Despite this trend to seemingly pay more attention to gender-based persecution, the crime has been mostly considered in cases where individuals are being persecuted for not complying with prescribed gender roles that strictly distinguish between men and women. There is no case law so far that considered persecution based on the perceived transgressions of gender roles concerning sexual orientation or gender identity. An important precedent in that regard might have been the case concerning gender-based persecution allegedly committed by the Islamic State of Iraq and Syria (ISIS) in Iraq on the basis of real or perceived homosexuality. However, the OTP closed its preliminary examination into the situation in Iraq and declined to open an investigation.

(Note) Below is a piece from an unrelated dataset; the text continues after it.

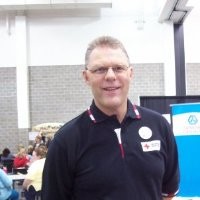 Bob Phillips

It remains to be seen whether persecution based on sexual orientation or gender identity will be considered a form of gender-based persecution pursuant to Article 7(1)(h) ICC Statute. Until then, it continues to be subject to a vivid debate given the ambiguous definition of ‘gender’ contained in Article 7(3) ICC Statute.

In light of this unresolved situation at the international level, the decision of the JEP to unequivocally include gender identity and sexual orientation to the concept of ‘gender’ in the context of gender-based persecution is remarkable. What is more, the Chamber made clear that it will apply an intersectional perspective in its proceedings concerning LGBTI persons in order to avoid their re-victimization and discrimination – especially regarding Afro-Colombians who may have suffered harm at the intersection of gender and race (see paras. 16.4, 18.2, 33.3, 34.2).   

The next steps at the JEP

Following its decision, the JEP’s Chamber for the Acknowledgment of Truth will examine whether the alleged crimes in the context of case 005 constitute, inter alia, gender-based persecution of LGBTI persons as a crime against humanity (para. 20). The accredited LGBTI victims will be able to actively participate in the respective proceedings. Their recognition as victims of the armed conflict comes at a time when violence against human rights activists (so-called líderes sociales) is increasing in Colombia and LGBTI rights activists are continuously being threatened and killed.

Acknowledging the severity, the impact and representativeness of violence against LGBTI persons in the context of Colombia’s armed conflict can contribute to the truth and the reconstruction of memory. Guaranteeing the participation of (some of) the victims in the proceedings before the JEP is an important signal and a possible step towards gender justice and an inclusive peace-building process.